Until very recently, my only flat band experience has been with straight bands. I just made my second set of tapered bands and I have some questions about tapered band performance vs straight band performance. Please bear with me, I would attempt to answer these questions myself if I had a chrony but I don't yet. So here goes....

From everything I've read on the subject, tapered bands shoot faster than straight bands, all else being equal. But in the world of slingshots there are so many variables that most things do not end up being equal.

1st question: At what point do tapers out shoot straight bands? Let's say we two band sets made from the same rubber with the same pouch weight, same ammo, same slack length, same draw length. One is a straight band set 1" wide and the other is a tapered set that is 3/4" wide tapered to 1/2". Which set will shoot faster?

If the straight band set shoots faster, how wide do the tapered bands have to get in order to shoot faster than the straight set? If the tapered set shoots faster, how much wider will the straight bands have to be in order to get the same speed as the tapered set?

2nd question: Is there some kind of formula to figure any of this out?

I also understand that tapered band sets tend to be more picky about ammo weight? Is this correct? If it is, would I be correct in assuming that the more extreme the taper, the more picky it will be?

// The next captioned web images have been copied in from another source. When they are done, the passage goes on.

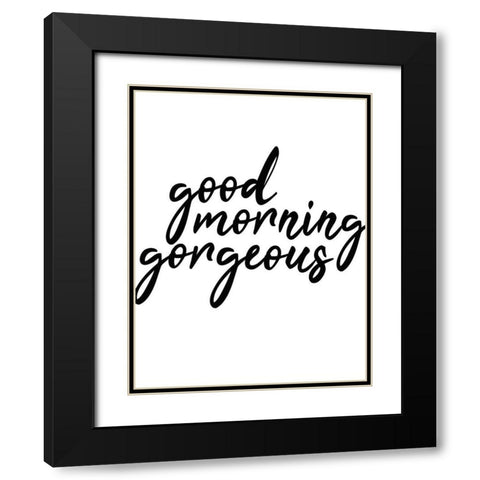 Good Morning Gorgeous Black Modern Wood Framed Art Print with Double Matting by Kimberly, Allen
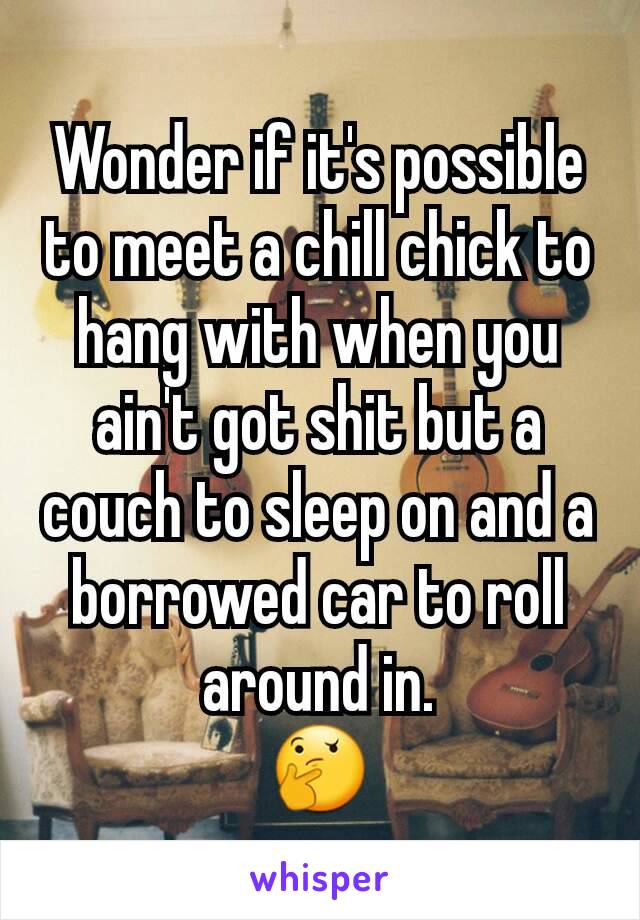 Wonder if it's possible to meet a chill chick to hang with when you ain't got shit but a couch to sleep on and a borrowed car to roll around in.
🤔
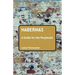 Habermas: A Guide for the Perplexed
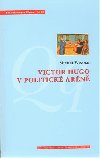 Victor Hugo v politick arn - Michael Wincok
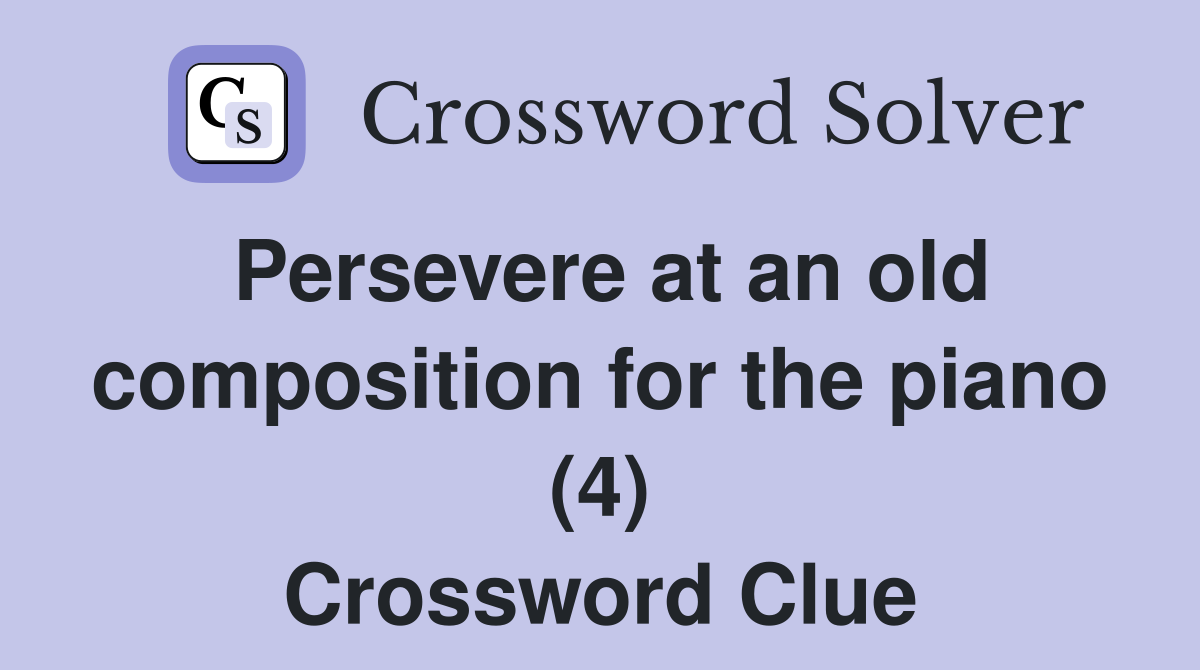 Persevere at an old composition for the piano (4) Crossword Clue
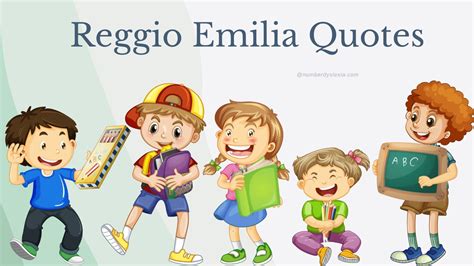 35 Famous Quotes About Reggio Emilia Approach - Number Dyslexia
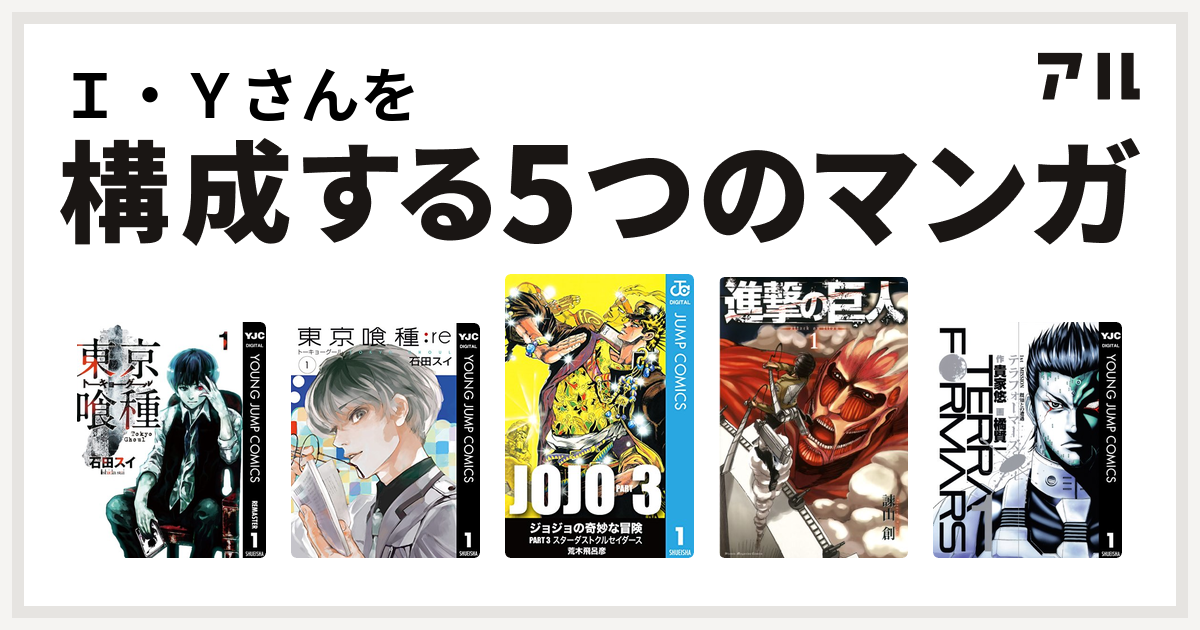 ｉ ｙさんを構成するマンガは東京喰種トーキョーグール 東京喰種トーキョーグール Re ジョジョの奇妙な冒険 第3部 進撃の巨人 テラフォーマーズ 私を構成する5つのマンガ アル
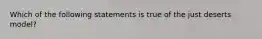 Which of the following statements is true of the just deserts model?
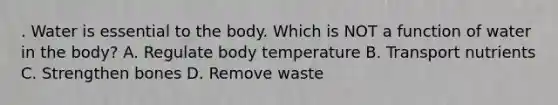 . Water is essential to the body. Which is NOT a function of water in the body? A. Regulate body temperature B. Transport nutrients C. Strengthen bones D. Remove waste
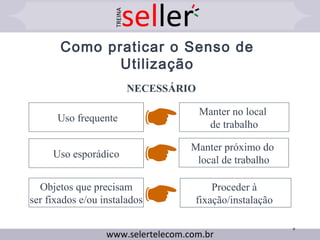 9
Como praticar o Senso de
Utilização
NECESSÁRIO
Objetos que precisam
ser fixados e/ou instalados
Uso esporádico
Uso frequente
Manter no local
de trabalho
Manter próximo do
local de trabalho
Proceder à
fixação/instalação
 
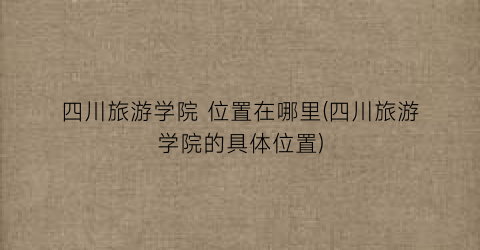 四川旅游学院 位置在哪里(四川旅游学院的具体位置)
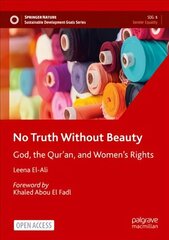 No Truth Without Beauty: God, the Qur'an, and Women's Rights 1st ed. 2022 цена и информация | Духовная литература | 220.lv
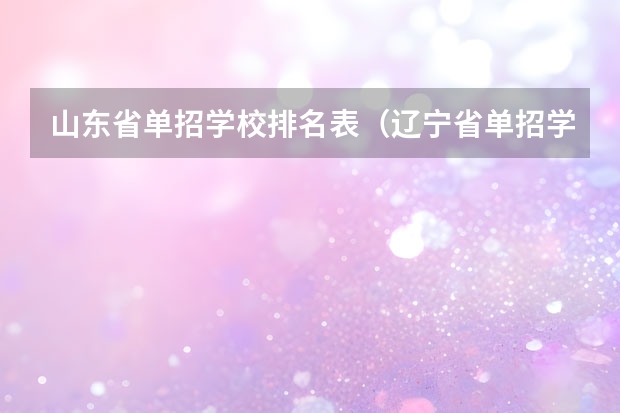 山东省单招学校排名表（辽宁省单招学校排名前十）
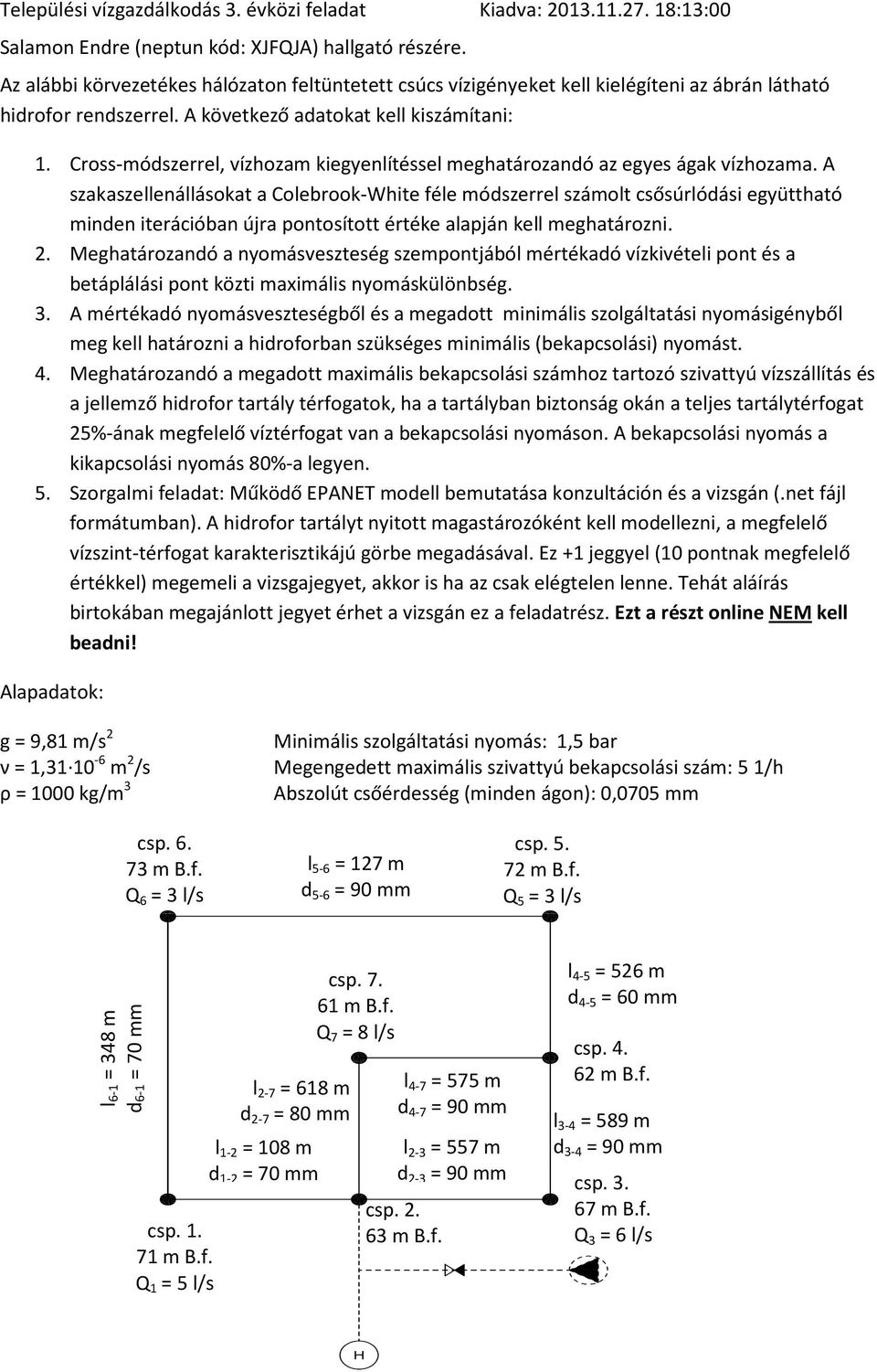 ro-mózerrel, ízhozam iegyenlítéel meghatározanó az egye ága ízhozama.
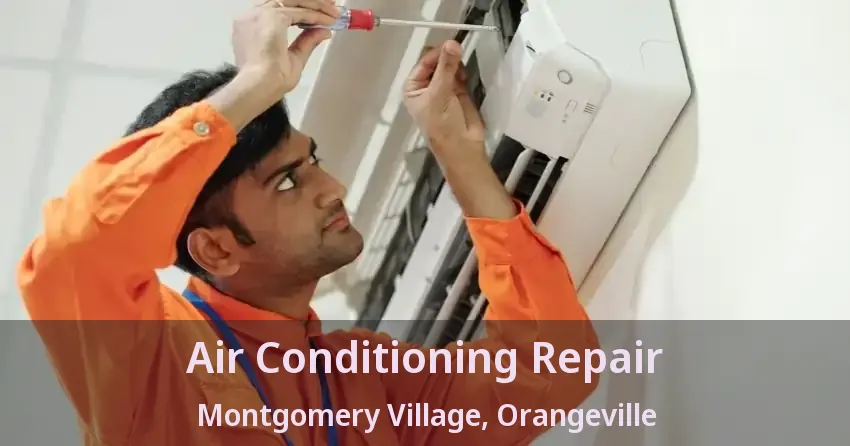 Air Conditioning Repair Montgomery Village, Orangeville - ON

I'm almost afraid to get a chrony because it will cause me to measure not only my slingshot speeds but also my home made archery tackle and my airguns. Then I will spend too much time trying to make faster archery gear and tuning my airguns when I should be spending more time trying to be more accurate with these things.

Thanks


----------



## stej (Jan 16, 2013)

Look at http://slingshotforum.com/topic/21549-slingshot-science-1-tapering/ this might gave you better inside on what's going on with tapered bands.


----------



## Charles (Aug 26, 2010)

A 3/4 inch wide band straight cut will not be as fast as a 3/4 to 1/2 inch tapered band, until you get to very heavy ammo.

But the question you asked is to compare a 1 inch straight cut to a 3/4 x 1/2 taper. At present, the only way I know to answer that question is by empirical test.

Cheers ..... Charles


----------



## poekoelan (Jan 1, 2013)

Thanks guys. I asked because I'm still trying to settle on my favorite flat band style. Being used to store bought tube bands, I was amazed the first time I shot a straight single cut of tbg.


----------



## libel (Jul 1, 2013)

The problem with trying to answer your 1st set of questions is that the magnitudes of all those variables you say are the same in both setups actually matter in the result. If you're fascinated by speed itself a chrony or some other measuring setup is the way to go.


----------